Source material
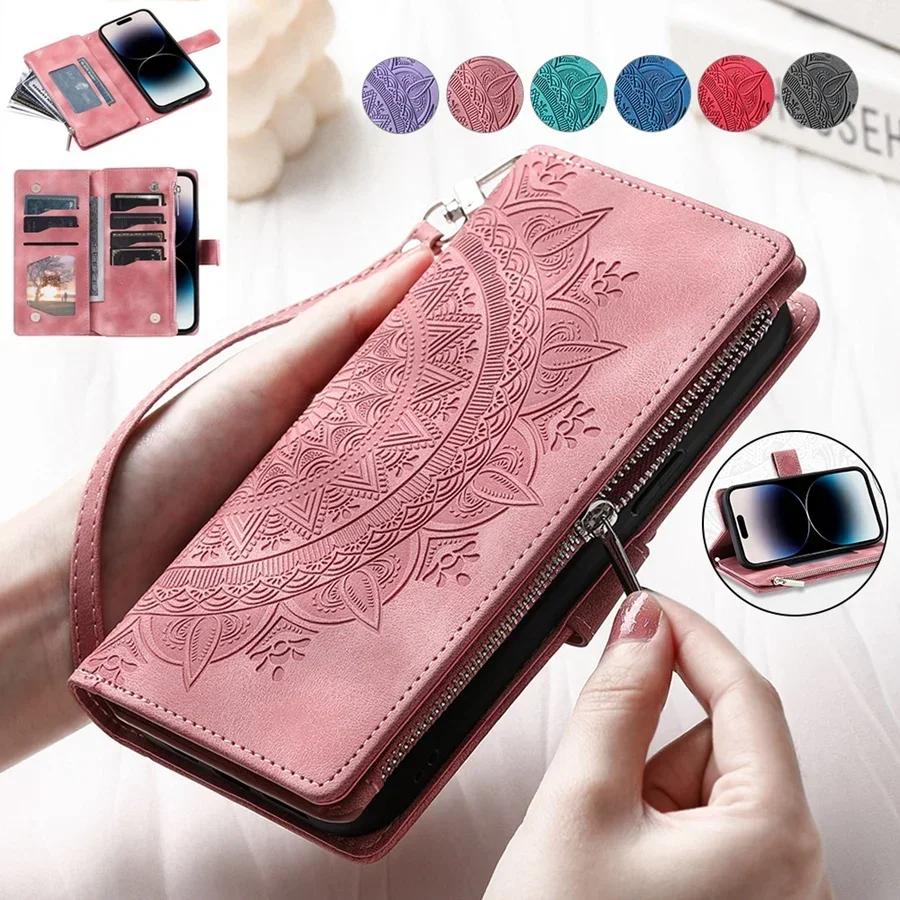 

Zipper Flip Cover Three-layer Phone Bag for Samsung Galaxy S25 S24 Ultra S24 S23 S22 S21 S20 S10 Card Slots Cash Wallet Case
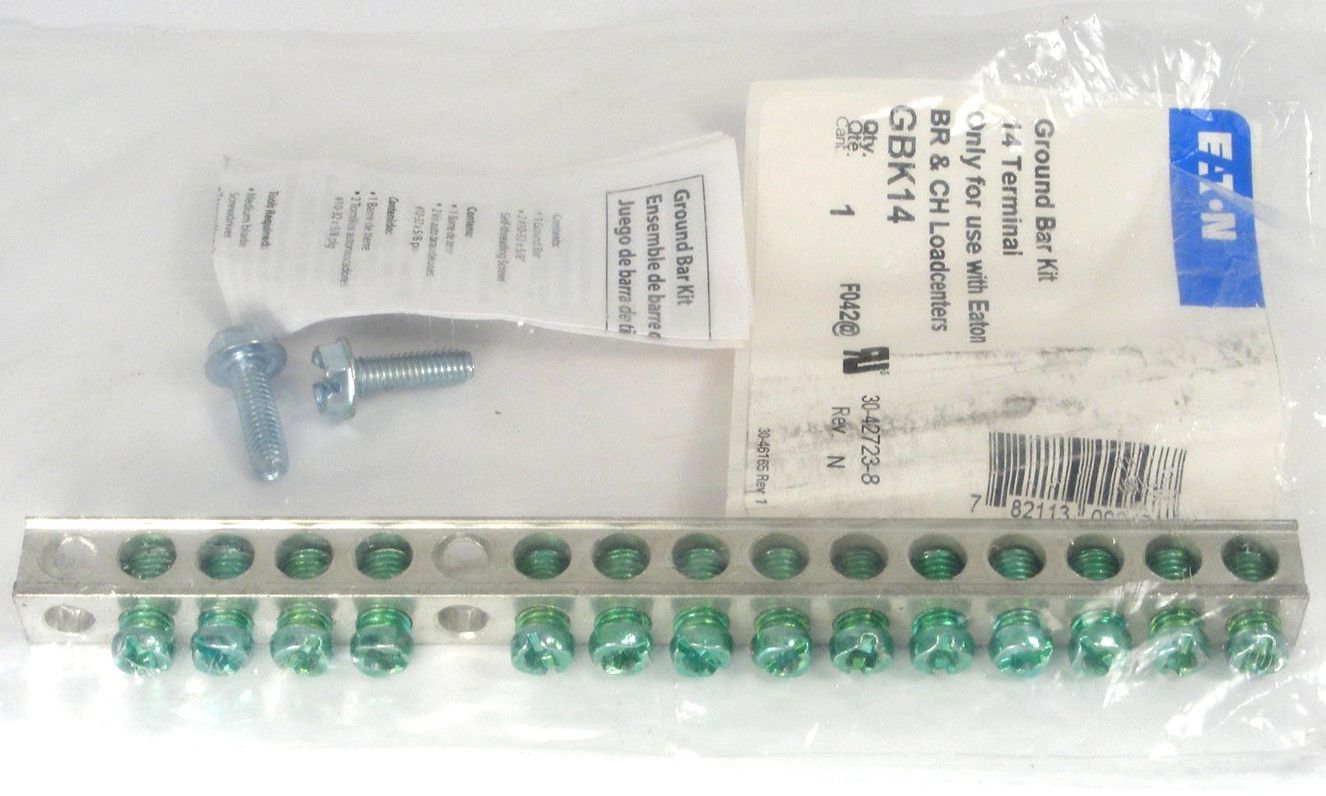 NEW SEALED Eaton Cutler-Hammer GBK14 Ground Bar Kit, 14-Terminal, 14-4 AWG Cu/Al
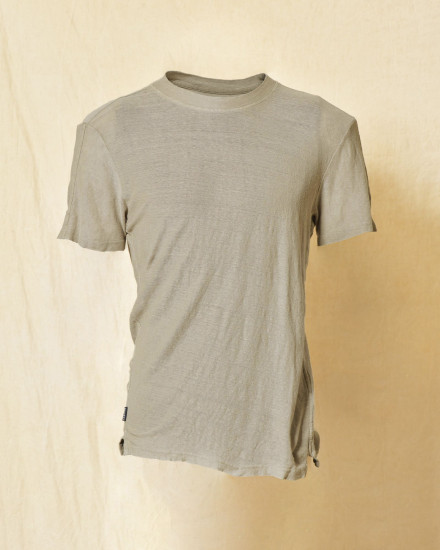 T-shirt en lin kaki clair Keeling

Goal of the exercise
Output the listing above exactly, excluding all pictures.

Answer to the exercise
Zipper Flip Cover Three-layer Phone Bag for Samsung Galaxy S25 S24 Ultra S24 S23 S22 S21 S20 S10 Card Slots Cash Wallet Case
 NEW SEALED Eaton Cutler-Hammer GBK14 Ground Bar Kit, 14-Terminal, 14-4 AWG Cu/Al
 T-shirt en lin kaki clair Keeling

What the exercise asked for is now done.